T&T’S SOE SUCCEEDS, CARICOM’S IMPACS FAILS

By Ken Ali 

Trinidad and Tobago has achieved more in crime-fighting through a State of Emergency than Caricom’s longstanding Implementing Agency for Crime and Security (IMPACS).

The previous SoE, which ended in January, and the United States’ military attacks on drug trafficking have been largely credited for a 42 per cent decline in domestic murders last year.

Law enforcement used provisions of the SoE to round up gangsters, while the maritime crackdown directly affected the transshipment of cocaine.

In contrast, IMPACS, set up in 2006 to implement security strategies, has had minimal effect on regional drug and gun running, and the accompanying high murder rates.

Caricom islands that were previously peaceful tourism getaways have been recording historic numbers of ghastly homicides in recent years.

Former PM Dr Keith Rowley

St. Vincent, St. Kitts-Nevis, and St.

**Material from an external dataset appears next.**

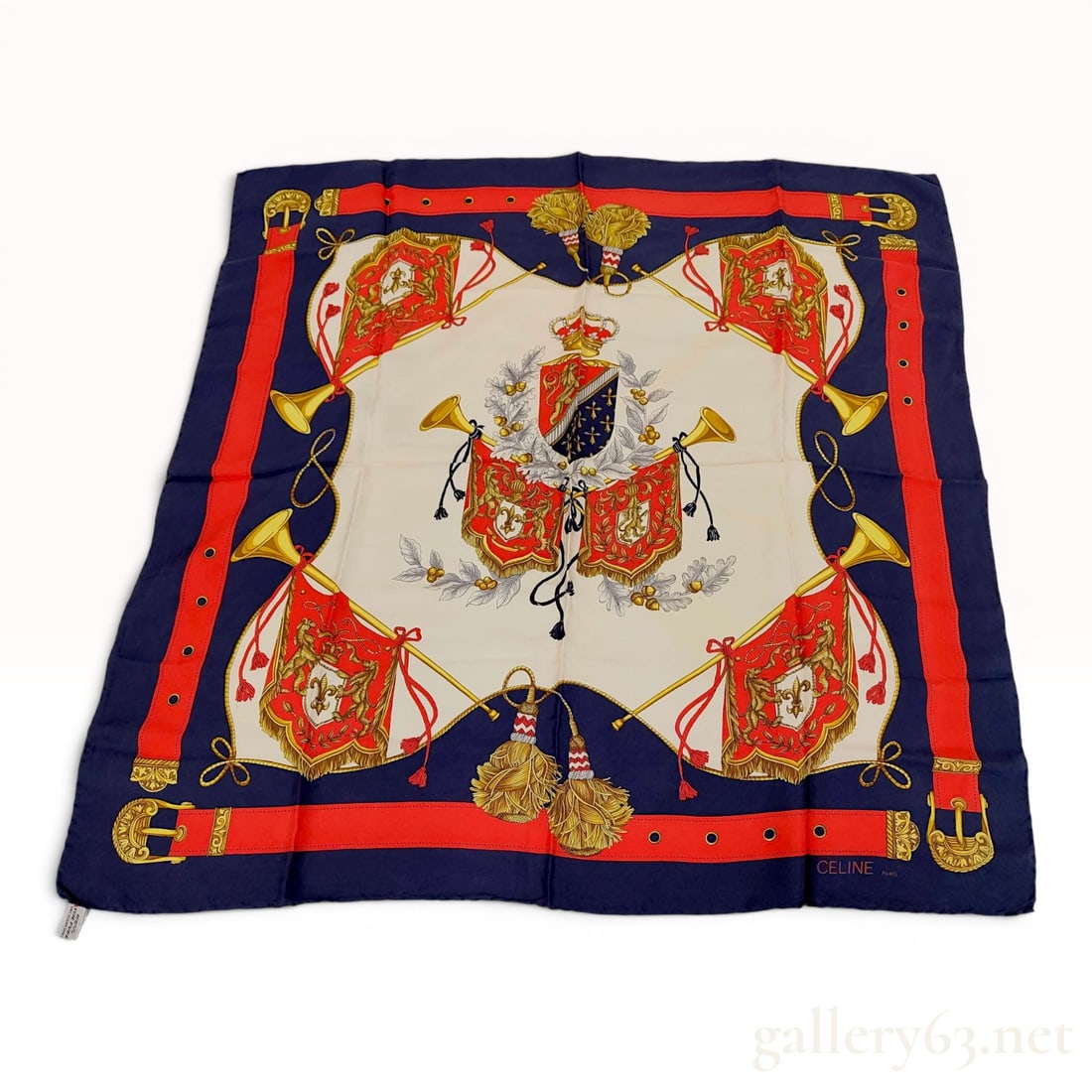 Celine Paris Heraldic Motif Silk Square Scarf: A vintage Celine silk square scarf featuring a complex heraldic and military-inspired motif. The design centers on a regal coat of arms topped with a crown, displaying a shield with fleurs-de-lis and 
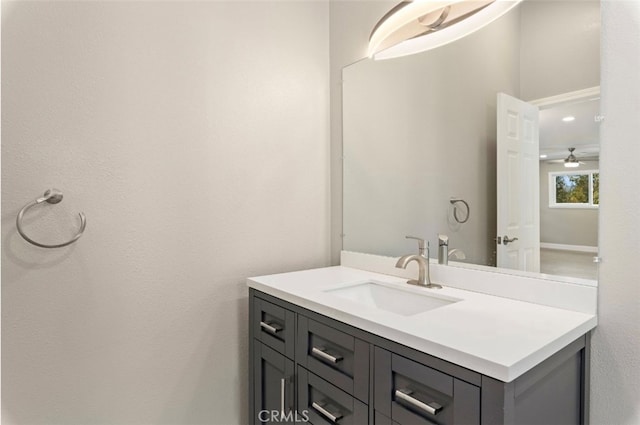 bathroom featuring ceiling fan and vanity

Lucia are among regional islands where the respective crime indexes have been worsened by the lucrative illicit drug and arms trade.

IMPACS has had few successes, one being the November 2025 bust of 772 kilogrammes of cocaine in the Virgin Islands.

“Effective real-time intelligence exchange” was credited for the interception.

But that is a token in a trafficking trade of literally trillions of dollars’ worth of drugs from the Venezuelan coastline, through T&T and other Caricom countries, to US and European markets.

The Caricom agency was meant to build capacity as part of a strategic approach based on partnerships with relevant agencies, and intelligence sharing and training.

Coordination was meant to enhance regional security.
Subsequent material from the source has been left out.